*Study material*.
........
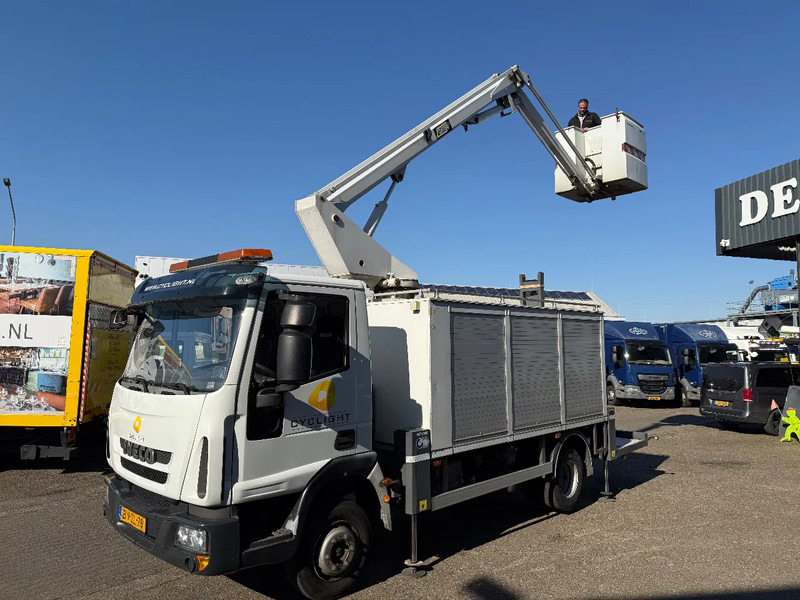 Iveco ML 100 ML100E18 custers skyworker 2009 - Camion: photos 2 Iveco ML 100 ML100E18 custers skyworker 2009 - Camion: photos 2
........
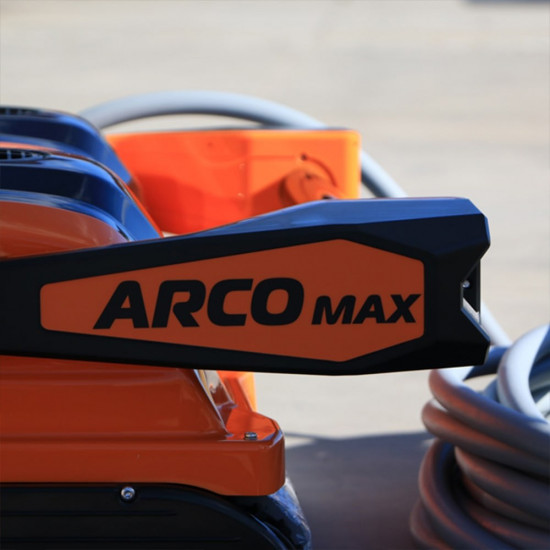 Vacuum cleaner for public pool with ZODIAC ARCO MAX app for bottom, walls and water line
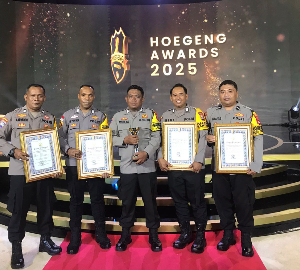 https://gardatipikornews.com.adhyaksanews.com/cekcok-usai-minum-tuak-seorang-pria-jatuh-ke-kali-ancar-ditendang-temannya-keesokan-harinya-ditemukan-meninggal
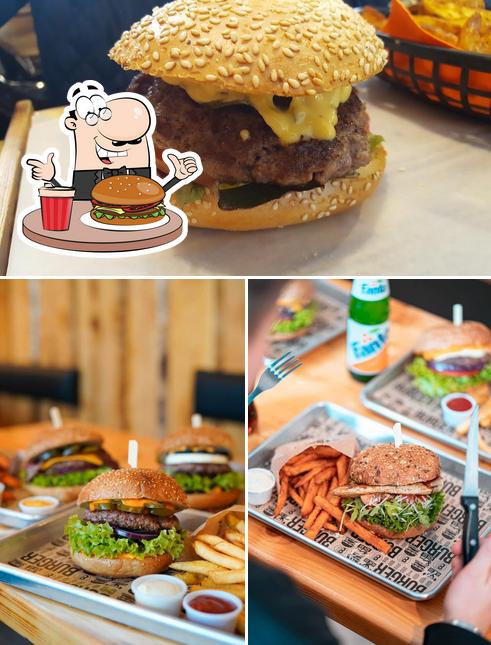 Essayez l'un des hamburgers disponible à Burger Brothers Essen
........
*What is required*.
Using the material above, transcribe exactly the lines from the one holding "Vacuum cleaner for" to the one holding "Essayez l'un des", both ends kept. Do not carry over any pictures.

*Answer to the exercise*.
 Vacuum cleaner for public pool with ZODIAC ARCO MAX app for bottom, walls and water line
 https://gardatipikornews.com.adhyaksanews.com/cekcok-usai-minum-tuak-seorang-pria-jatuh-ke-kali-ancar-ditendang-temannya-keesokan-harinya-ditemukan-meninggal
 Essayez l'un des hamburgers disponible à Burger Brothers Essen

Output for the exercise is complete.